Words that rhyme with "truck shoe" and "clucking".

But you sure hear them at the construction site.

Image: MS Office Imagebank
And since IT is usually the last department in the site before occupancy, it is easy to suggest that we are the hold up.  After all, who can't do three weeks worth of equipment installation work in one week?

And since we are perceived to be holding things up, sometimes the F-bomb gets launched in our direction.

If you take it personally, you are sunk.

If your team is REALLY holding things up because of lack of preparation or poor coordination, you are sunk.

But if not...

You need to be there for your team, and learn to speak to the issues. You don't have to use the F-bomb, but you need to stand your ground and find innovative ways to get the job done on time.

The construction manager wants results.

Your team's job is to deliver those results.

Of course the real solution is to have been part of the project planning process from the early stages so the right amount of time is allocated to do the work. The reality is that even with the best planning there are things that can throw a construction schedule off leaving the IT department pressed for time at the end of the project.

As an IT leader, you can't sit on the sidelines with construction projects.  Either you, or someone from your team needs to be responsible for interaction with the construction manager.  You need someone who knows IT needs (Architects are notorious for not allowing for things like enough conduits for cabling, or power for a room full of computers, or my favorite omission - wiring closets that are actually suitable for switches).

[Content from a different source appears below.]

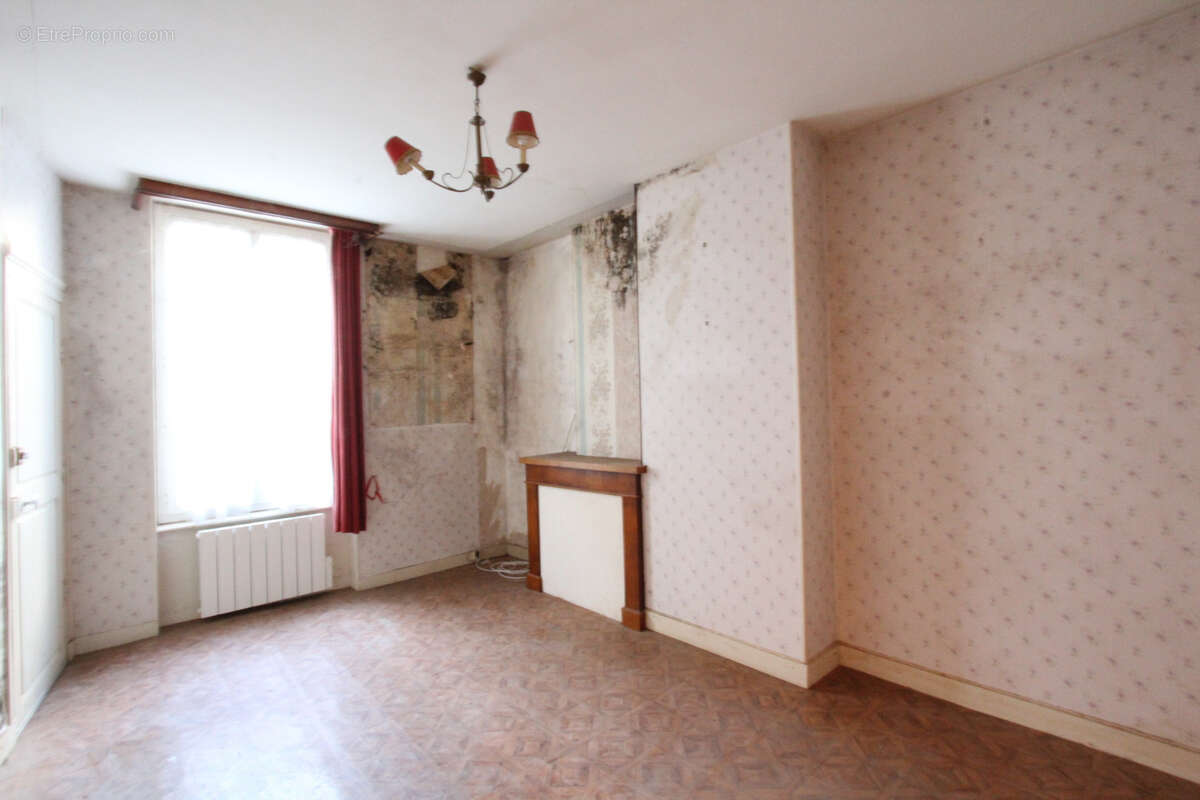 Maison à LA CHARITE-SUR-LOIRE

This person also needs to be versed in construction practices and project management.  He or she will need incredibly thick skin, and the ability to converse in the language of construction.

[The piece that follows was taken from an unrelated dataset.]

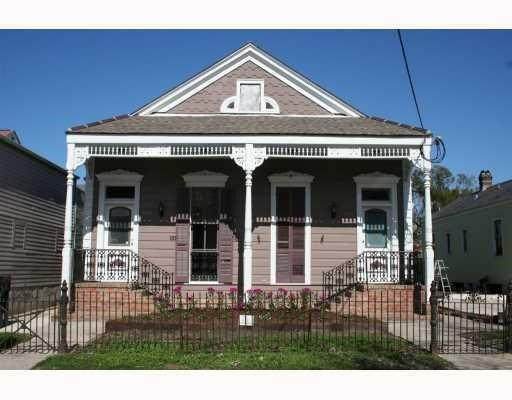 3923 Palmyra Street - Photo 1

At my last position, we averaged a new major campus building every year.  By embedding an IT person in the property development team, we eliminated many of the headaches of the last minute IT rush, and saved the school literally tens of thousands of dollars in costs.

In my current position, this is a part time responsibility (different scope) but just as necessary.

As you plan out the mix of skills for your IT department, have you included a construction project manager? One who knows which words rhyme with "truck shoe" and are not offended?